Hortense Frouten was not a loved woman. Not by the person who wrote her obituary, anyway. Beryl wondered if there might be a longer notice in the
Winnipeg Free Press
and decided to try to find out. Maybe this was just the condensed version for her hometown paper. After all, she had lived the final years of her life in Winnipeg.
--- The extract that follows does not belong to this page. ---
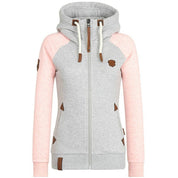 Sportieve dames hoodie – warme hoodie met ritssluiting & fleecevoering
Beryl perused the rest of the newspaper: the Horticultural Report, Rebekah notes, CGIT notes, a column called
Along the Farm Front
. There was a classified ad for a well boring service, one for the sale of a cow (a heavy milker), and one with an offer of one hundred pounds of netted gem potatoes for $5.89.

Nothing jumped out at her the way the death of Hortense Frouten did. That was it. The stark obituary was definitely it.

But definitely what? She didn’t have a clue. Her gut told her it was something, though. I’ll let it sit, she thought, as she drank the last of her coffee. Something will come clear.